Exercise prompt | Reproduce, with no edits, the line that contains "Marc Gasol juega" and all the lines that follow it, ending with the last line of the records.

··· Records for processing

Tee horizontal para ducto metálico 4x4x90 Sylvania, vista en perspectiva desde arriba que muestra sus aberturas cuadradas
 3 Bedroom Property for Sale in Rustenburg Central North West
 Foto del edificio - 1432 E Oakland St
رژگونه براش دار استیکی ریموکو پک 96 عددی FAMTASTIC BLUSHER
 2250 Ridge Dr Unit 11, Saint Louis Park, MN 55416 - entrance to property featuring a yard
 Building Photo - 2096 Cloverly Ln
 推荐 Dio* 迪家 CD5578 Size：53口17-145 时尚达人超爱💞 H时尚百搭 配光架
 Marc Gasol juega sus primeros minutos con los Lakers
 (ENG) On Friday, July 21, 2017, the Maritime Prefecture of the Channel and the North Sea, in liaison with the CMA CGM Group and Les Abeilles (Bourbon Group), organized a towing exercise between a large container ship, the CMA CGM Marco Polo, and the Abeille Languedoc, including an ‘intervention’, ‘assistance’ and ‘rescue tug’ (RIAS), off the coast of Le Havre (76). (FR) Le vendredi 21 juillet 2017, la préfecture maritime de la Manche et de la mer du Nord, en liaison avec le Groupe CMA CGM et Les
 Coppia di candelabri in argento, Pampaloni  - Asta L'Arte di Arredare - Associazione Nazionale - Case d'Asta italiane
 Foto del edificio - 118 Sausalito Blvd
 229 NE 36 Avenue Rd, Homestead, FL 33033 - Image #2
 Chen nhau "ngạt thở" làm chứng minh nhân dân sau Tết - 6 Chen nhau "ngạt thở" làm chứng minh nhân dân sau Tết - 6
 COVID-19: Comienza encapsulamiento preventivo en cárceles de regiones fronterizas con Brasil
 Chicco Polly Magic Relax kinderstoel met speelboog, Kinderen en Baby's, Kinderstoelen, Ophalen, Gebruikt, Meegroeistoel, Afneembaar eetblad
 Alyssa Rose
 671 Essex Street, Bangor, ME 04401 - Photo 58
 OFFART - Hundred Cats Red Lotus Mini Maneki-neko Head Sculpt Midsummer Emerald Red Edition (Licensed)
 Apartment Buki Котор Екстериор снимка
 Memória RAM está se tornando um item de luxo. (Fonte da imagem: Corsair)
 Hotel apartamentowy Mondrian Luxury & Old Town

······

Exercise solution |
 Marc Gasol juega sus primeros minutos con los Lakers
 (ENG) On Friday, July 21, 2017, the Maritime Prefecture of the Channel and the North Sea, in liaison with the CMA CGM Group and Les Abeilles (Bourbon Group), organized a towing exercise between a large container ship, the CMA CGM Marco Polo, and the Abeille Languedoc, including an ‘intervention’, ‘assistance’ and ‘rescue tug’ (RIAS), off the coast of Le Havre (76). (FR) Le vendredi 21 juillet 2017, la préfecture maritime de la Manche et de la mer du Nord, en liaison avec le Groupe CMA CGM et Les
 Coppia di candelabri in argento, Pampaloni  - Asta L'Arte di Arredare - Associazione Nazionale - Case d'Asta italiane
 Foto del edificio - 118 Sausalito Blvd
 229 NE 36 Avenue Rd, Homestead, FL 33033 - Image #2
 Chen nhau "ngạt thở" làm chứng minh nhân dân sau Tết - 6 Chen nhau "ngạt thở" làm chứng minh nhân dân sau Tết - 6
 COVID-19: Comienza encapsulamiento preventivo en cárceles de regiones fronterizas con Brasil
 Chicco Polly Magic Relax kinderstoel met speelboog, Kinderen en Baby's, Kinderstoelen, Ophalen, Gebruikt, Meegroeistoel, Afneembaar eetblad
 Alyssa Rose
 671 Essex Street, Bangor, ME 04401 - Photo 58
 OFFART - Hundred Cats Red Lotus Mini Maneki-neko Head Sculpt Midsummer Emerald Red Edition (Licensed)
 Apartment Buki Котор Екстериор снимка
 Memória RAM está se tornando um item de luxo. (Fonte da imagem: Corsair)
 Hotel apartamentowy Mondrian Luxury & Old Town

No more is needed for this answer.